*INSTRUCTIONS FOR THE TASK*.
Ignoring every picture, return the lines of the listing below word for word, from the line that holds "Bing image search" through the line that holds "武汉科研团队突破！全球首绘微米级脑".

*INPUT DATA*.
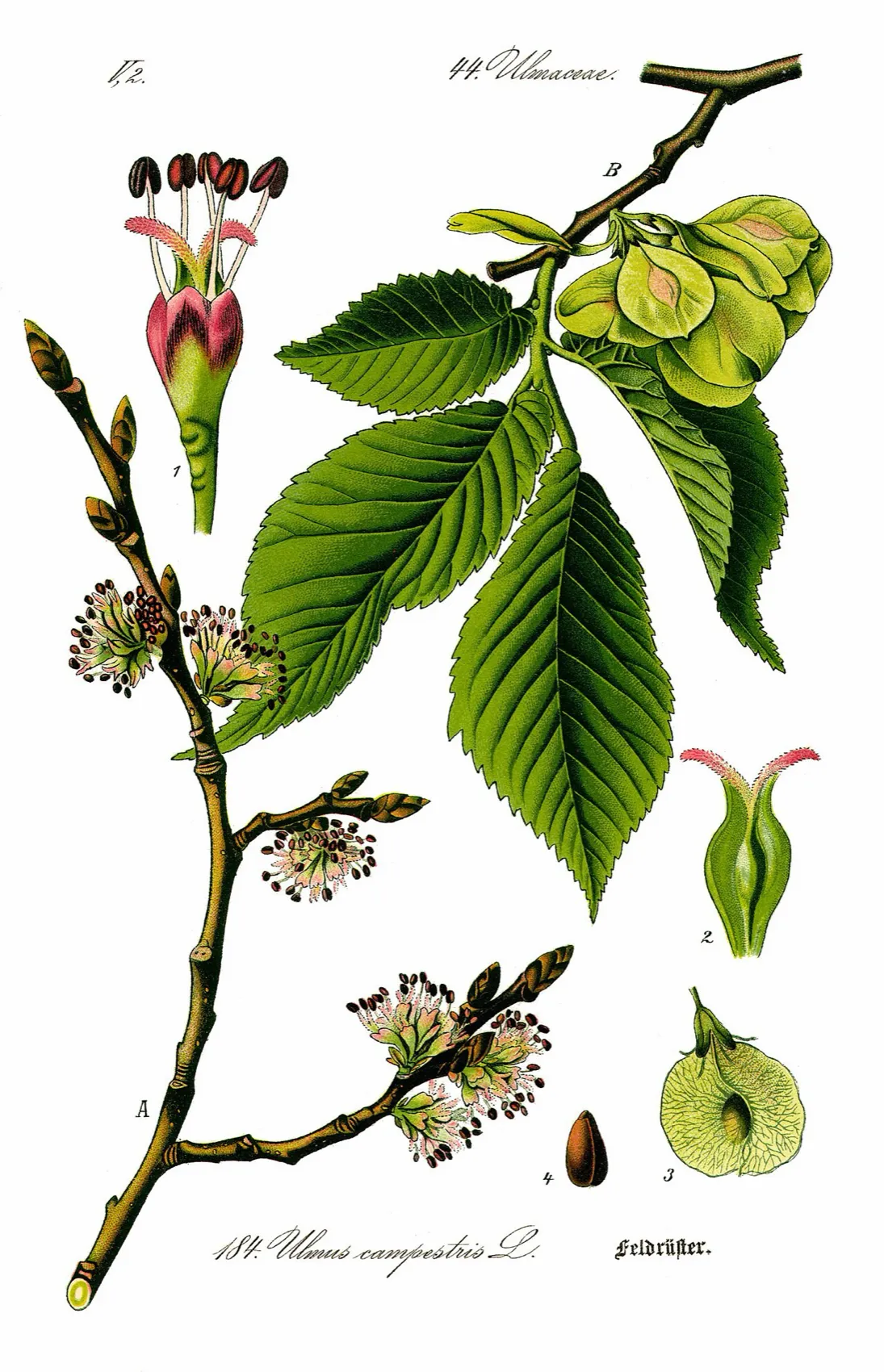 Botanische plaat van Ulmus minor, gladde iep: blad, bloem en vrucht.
* * *
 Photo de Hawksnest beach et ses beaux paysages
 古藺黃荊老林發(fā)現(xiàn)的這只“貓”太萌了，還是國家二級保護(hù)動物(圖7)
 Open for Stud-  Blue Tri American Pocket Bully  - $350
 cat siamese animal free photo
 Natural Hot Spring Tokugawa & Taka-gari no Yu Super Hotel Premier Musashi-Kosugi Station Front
* * *
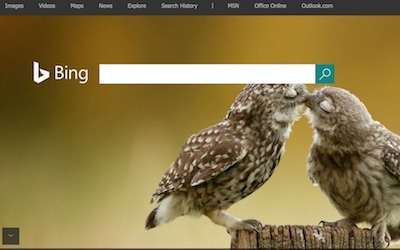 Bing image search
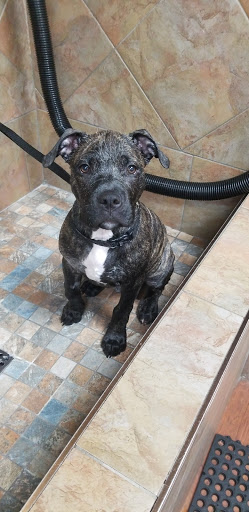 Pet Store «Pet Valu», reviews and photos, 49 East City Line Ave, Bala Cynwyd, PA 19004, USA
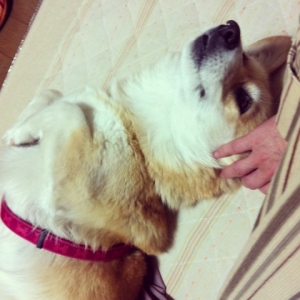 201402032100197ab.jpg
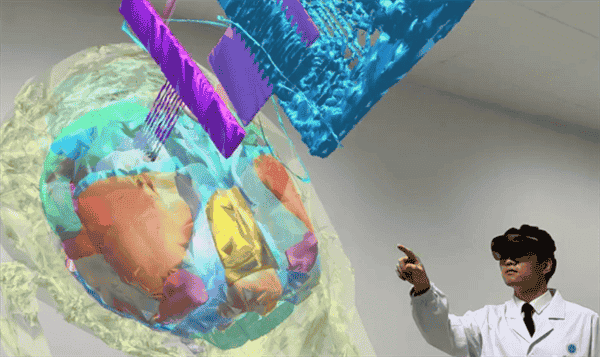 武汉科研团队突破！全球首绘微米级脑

*PROBLEM SOLUTION*.
 Bing image search
 Pet Store «Pet Valu», reviews and photos, 49 East City Line Ave, Bala Cynwyd, PA 19004, USA
 201402032100197ab.jpg
 武汉科研团队突破！全球首绘微米级脑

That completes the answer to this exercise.